With all these changes, why hasn't Japan come roaring back? In part, the problem is cyclical. "Japan grew so fast last year that a slowdown this year was inevitable," says Morgan Stanley economist Robert Feldman. Turbulence in the global economy--high oil prices, the weak dollar, slower growth in China, and an uncertain outlook for the U.S.--hasn't helped. Those problems loom particularly large for Japan because its economy remains heavily dependent on exports.

Indeed, some pessimists blame companies for shoring up profits at the expense of workers and decry a "wageless recovery" in which spending power has faltered, even though the jobless rate has fallen to 4.6% from last year's peak of 5.5%. Those concerns are overdone. Government survey data show consumer confidence is at its highest level since 1991. Goldman economist Tetsufumi Yamakawa, who forecasts Japanese GDP growth of 2% through 2006, predicts a solid pickup in household spending early next year. "The feeling is that the worst is over," he says. "There's a lot of pent-up demand out there and a huge pool of accumulated savings."

One thing that could dampen sentiment is a tax hike. Koizumi has vowed he won't raise the national consumption tax, which now stands at 5%. But in a Nov. 21 television appearance, Takenaka suggested that the government wants to rescind $25 billion in tax breaks enacted in 1999. Those measures were designed to counter a 1997 consumption tax hike that sent the economy into its worst slump of the postwar era. Merrill's Koll warns that revoking the 1999 breaks could knock Japan back into recession "in one fell swoop."

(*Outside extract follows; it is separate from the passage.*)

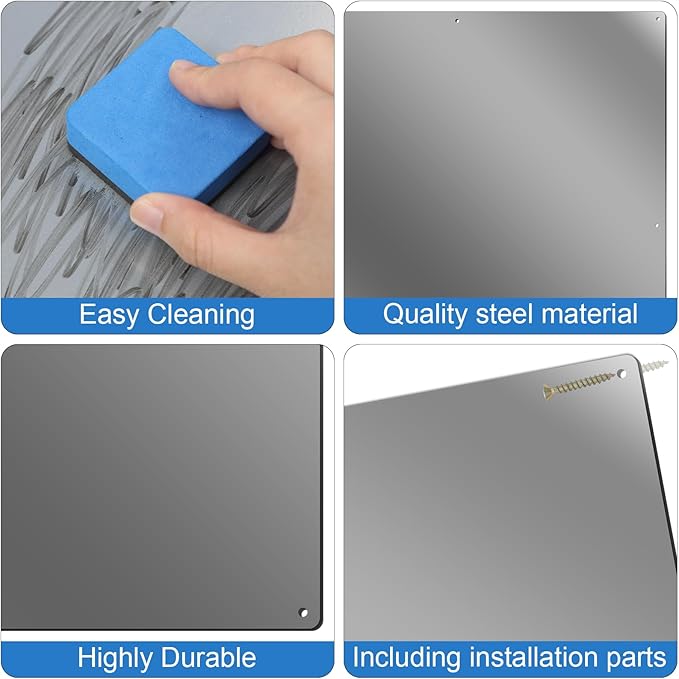 Ireer Magnetic Board Steel Magnet Bulletin Boards - Image 3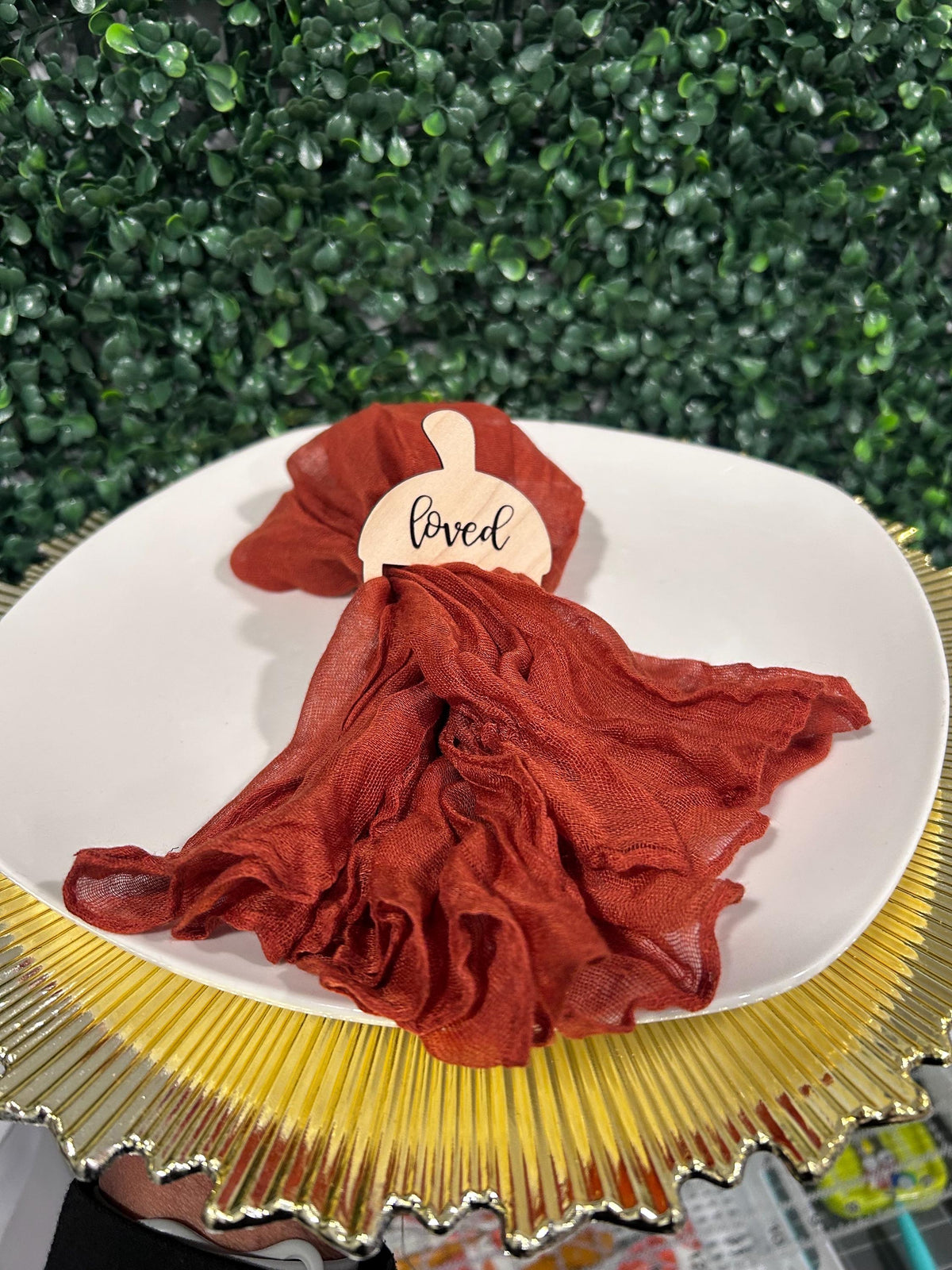 Acorn Napkin Rings| Wooden Thanksgiving Napkin Ring Holders| Fall Table Decor| Laser Cut Engraved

Eventually, though, most observers believe that Japan will have to raise taxes to rein in the runaway national debt. Although Koizumi promised to cut government spending, under his watch Japan's debt has risen from 130% of GDP to 150% (vs. 36% in the U.S.). Defusing the debt bomb poses a major challenge, especially in light of Japan's declining birth rates and shrinking population--structural problems about which business and government leaders have done little more than wring their hands. Policymakers reject even the most anodyne proposals to take in more immigrant labor. Instead, Koizumi has been focusing on privatizing the postal system--a worthy effort, no doubt, but one unlikely to yield tangible benefits for the larger economy for years to come.

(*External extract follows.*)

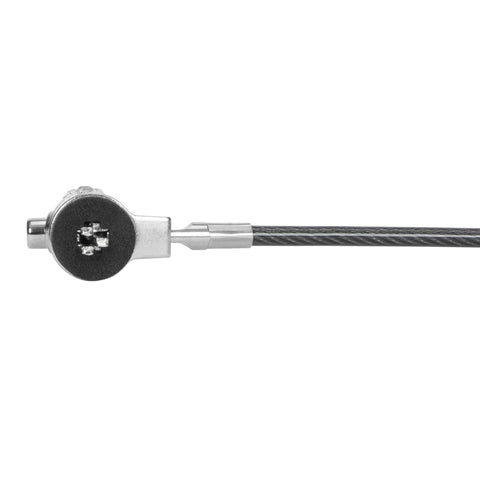 Candado de Seguridad TARGUS ASP61LA - Cable de Acero de 1.5m con Combinación - Protección Antirrobo para Laptops - Máxima Seguridad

For all its failings, Japan has made a comeback. The current recovery may lack the blockbuster drama of the late 1980s, but unlike that expansion, this one seems sustainable. With a steady growth rate of 2%, Japan will remain a potentially lucrative market that foreign multinationals--and U.S. governors--neglect at their peril. Ask Californians, who do more than $1 billion in trade with Japan and have seen Japanese tourist visits plunge to 600,000 last year from 1.2 million in 2000. Schwarzenegger, who's also hoping to persuade Toyota to build a Prius plant in the state, faults his predecessor, Gray Davis, for closing California's trade and investment office in Tokyo. Shuwa-chan wants it reopened and knows just where to find the cash: rich Japanese companies, of course. He's offering to do television commercials for them on his next visit. "It's quick money," he boasted. "You work for a day, and you have a trade office open and enough money for several years." Depend on it: He'll be back.